BEGIN Data for analysis
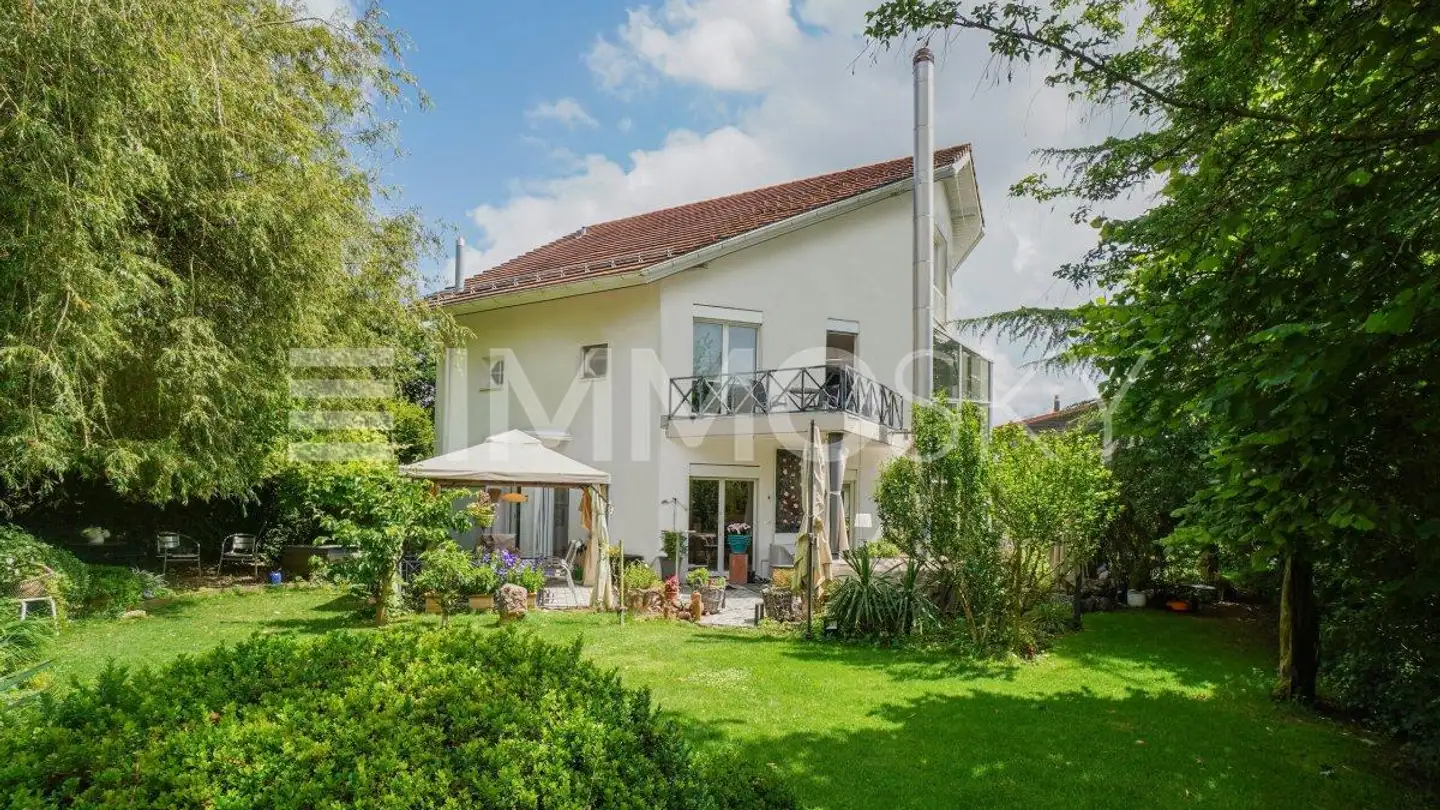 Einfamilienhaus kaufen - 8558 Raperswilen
END Data for analysis
BEGIN Data for analysis
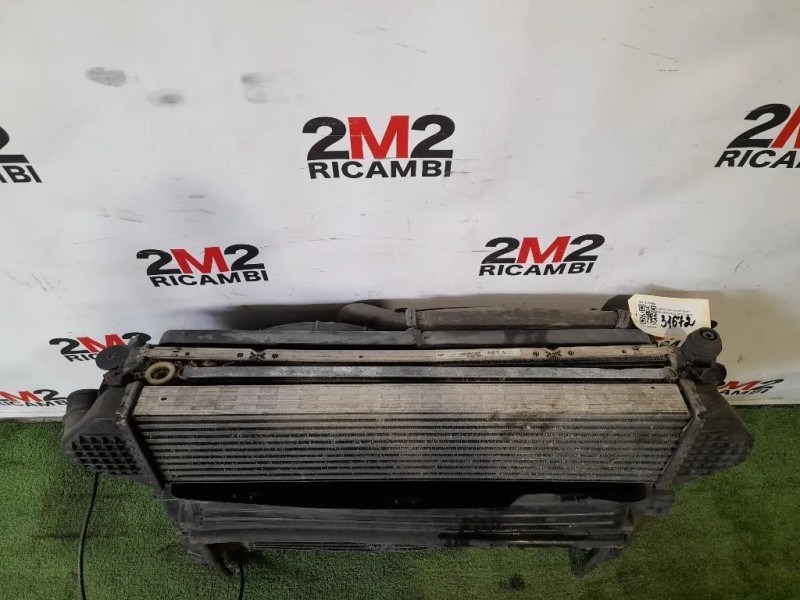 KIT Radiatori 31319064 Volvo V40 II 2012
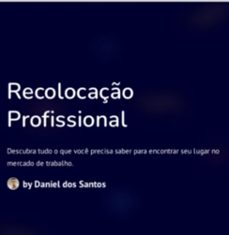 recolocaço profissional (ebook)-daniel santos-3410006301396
END Data for analysis
In the listing above, find the line containing "KIT Radiatori 31319064 Volvo V40 II 2012" and the line containing "recolocaço profissional (ebook)-daniel", then print exactly those two lines and every line between them, minus the pictures.

Answer area:
 KIT Radiatori 31319064 Volvo V40 II 2012
 recolocaço profissional (ebook)-daniel santos-3410006301396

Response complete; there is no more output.